For example I have a static C++ array {'d', 'o', 'c', 's'}. And I have x86 architecture, with 32-bits length words.

I want to replace letter c with g. As far as I understand, when we make a read operation from a byte addressable RAM, CPU always reads 1 word from it. So it will read the whole array.

After CPU will read the array, I will replace letter c with g and write it back to memory.

Will CPU write 1 bytes or 4 byte in RAM?

If it writes 4 bytes, what's the point of using byte addressable memory instead of word addressable?

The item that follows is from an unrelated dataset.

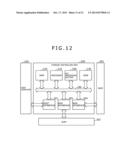 STORAGE CONTROLLING APPARATUS, STORAGE APPARATUS, INFORMATION PROCESSING     SYSTEM AND PROCESSING METHOD diagram and image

Let's consider another example. The CPU uses 32 bits words. We have an array of 4 bytes in RAM. It starts at address 0x000:

0x000: 1110 1111 0000 1100 [1110 1111] 0000 1100 // we want to update byte in brackets
0x003: ....
0x007: ....

Since RAM is byte addressable, each cell contains exactly 1 byte. So, theoretically, we can read or write 1 byte using single memory access. But since computer has 32 bits bus, CPU always reads 32 bits using single memory access.

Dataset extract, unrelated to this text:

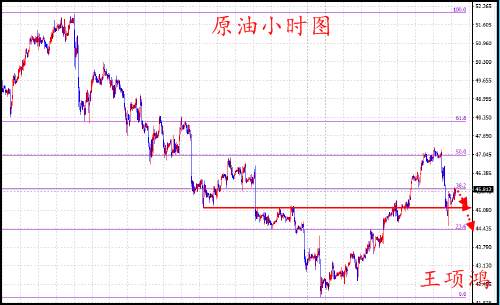 王项鸿：7.6原油EIA提前布局，黄金弱势偏空对待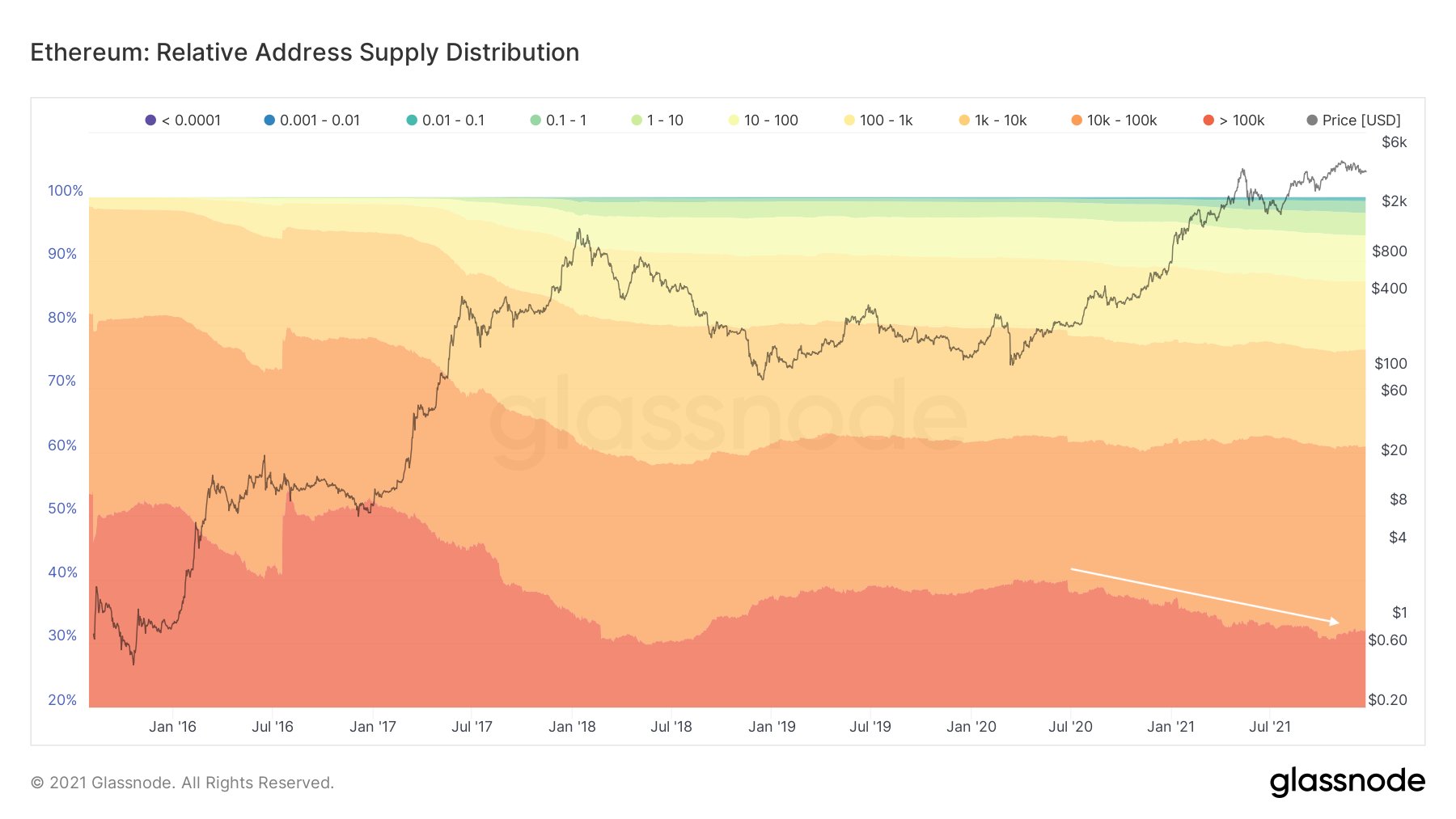 Ethereum: Relative address supply distribution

So as far as I understand CPU reads the whole word into its register:

1110 1111 0000 1100 [1110 1111] 0000 1100

Then it updates 3rd byte in this register (for example with 1000 1111):

1110 1111 0000 1100 [1000 1111] 0000 1100

And I don't understand what’s next. [Main question] Does CPU write all 32 bits from register to RAM or only 8 bits?

[Answered] If it updates 32 bits, what’s the point of not using word addressable RAM which works exactly the same? According to answers below we still did it because of our past and Sneakernet.

  • Am I right in thinking that your essential question is "why does a CPU have instructions which can address and manipulate memory at a resolution smaller than its native word size"? The simple answer is convenience - many CPUs are backwards compatible (that is, "binary compatible" which means they continue to support instructions which are narrower than their native word size so that old compiled software continues to run seamlessly), and computer programmers are also accustomed to the notion of the 8-bit byte and pointers to byte addresses, as being the basic elements of computing.
    – Steve
    Mar 15, 2020 at 0:37
  • Yeah, it is definitely possible to change only one byte of RAM
    – user348453
    Mar 15, 2020 at 23:41
  • Note that it is common for 32-bit cpu to use 64-bit bus. Processor's "word" has nothing to do with memory.
    – user289860
    Mar 16, 2020 at 18:51
  • 3
    CPU always reads and writes 64 bytes from memory. These are called "cache lines".
    – user253751
    Mar 17, 2020 at 10:44
  • This... reeks of a homework question. I'm VTC.
    – T. Sar
    Mar 17, 2020 at 11:56

7 Answers 7


The internet.

When you have multiple computers networked together there is no such thing as "the word size". Every computer has its own idea how big it's bus is. But they all agree on bytes (even if they can't agree on byte order). So we keep making bytes addressable. It helps with compatibility issues. It's a carry over from the days of 8 bit computing when that was the bus size.

The sneaker net.

Even computers that aren't physically connected still share data using removable media. They need some kind of agreement on how big addressable units of memory are. Here we also settled on 8 bit bytes. It's why ASCII and EBCDIC fit in bytes.

These traditional forces are why when bus sizes grow they typically grow into something divisible by 8. It's hard to escape your past.

Is it possible to update exactly 1 byte in RAM?


It has to be. It's just a question of how that's done. Exactly how it's done is architecture dependant.

Typically the bus itself is "byte addressable". So just because I've sent you more bytes than you need doesn't mean you have to use them all.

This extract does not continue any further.